バスケットボール中学校選手権で男女で優勝した中城中の記事(1960年12月19日、琉球新報)

 エースの西原利枝(76)は「私たちが沖縄で最初にジャンプシュートを使った女子チームだと思う」と話す。強さの背景に、中城出身で監督だった故・知念清の名前を挙げる。知念も戦前、明治神宮大会で県勢として初めてジャンプシュートした人物として知られる。

 毎朝の腕立て伏せでシュートを放つ時の上半身を鍛え、カットインやランニングシュートと呼ばれたレイアップなど本土で学んだ技術を指導。給水時間を設けるなど科学的な練習を取り入れていたという。

 練習は野外コートの石を取り除くことから始まり、シューズがない人もいたため、皆がはだしでプレーした。西原は「農村で貧しかったから、バスケかバレー、陸上くらいしかやることがなかった」と振り返る。西原は砲丸投げで当時、全国9位の県記録保持者にもなったという。

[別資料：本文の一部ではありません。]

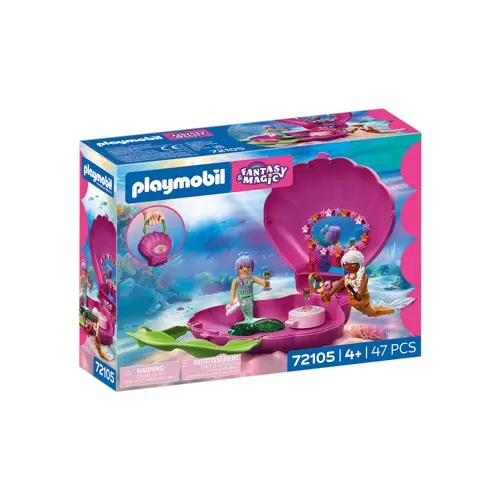 PLAYMOBIL – Mermaid Shell Bag (72105)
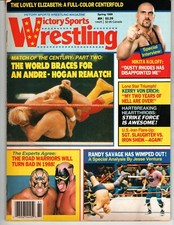 VICTORY SPORTS WRESTLING SPRING 1988 KERRY VON ERICH ROAD WARRIORS HULK HOGAN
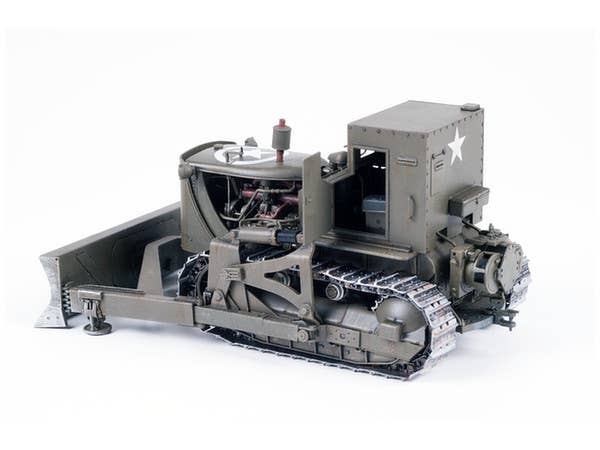 MiniArt 1/35 U.S. Armoured Buldozer | 4820183310217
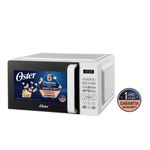 Microondas-Digital-Oster-0-7-Pies-Cubicos-Color-Blanco-Puerta-Negra-Apertura-De-Puerta-Con-Agarradera-Reloj-Digital-Y-Seguro-De-Ni-os-1-69957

 中城の男子は56年の第一回大会から6年間で5度の優勝、翌年の第2回大会から出場した女子は9年間で7度頂点に立っている。

全沖縄中学校バスケットボール大会で3連覇した中城中の女子メンバー・中段右端に監督の知念清がいる=1960年12月

体育教師

 中城村出身で70~80代の複数のバスケ指導者によると、中城の各公民館には木の柱に板を取り付けたバスケットリングがあり、小学生時代から青年たちと「公民館バスケ」に慣れ親しんだ。リングは青年会が曲がったリングを修理したり、バケツを切り取ったりしたものがあったという。若夏国体で教員男子チームだった平敷善盛(74)は「青年会が活発だったこともバスケが盛んな要因の一つではないか」と推測する。

 北中城村出身で普天間高で監督を務めた故・玉城義一も指導者として名高い。知念と親交があったため、中城中と普天間高で試合することもあったという。玉城は若夏国体で県勢初の全国優勝を成し遂げた教員男子チームの監督も務めた。

 知念や玉城の薫陶を受けたのちの名指導者は数知れない。山内中を県勢で初めて全国準優勝に導いた新里勲(80)やコザ中を全国優勝させた伊佐盛信(80)、海邦国体で成年女子を準優勝させた仲村進(81)、与勝中を全国一にした比嘉良治(64)などが教えを受け継ぎ、県内バスケの強化に尽力してきた。

 比嘉美代子(76)は中城中、普天間高で2人の指導を受け、琉大で同級生3人とバスケ部を立ち上げた。卒業後はそろって体育教師になっている。比嘉は「素晴らしい先生との出会いのおかげで今の自分がいる。生活指導から進路の相談まで熱心に教える先生に憧れて教師が目標になった」と懐かしんだ。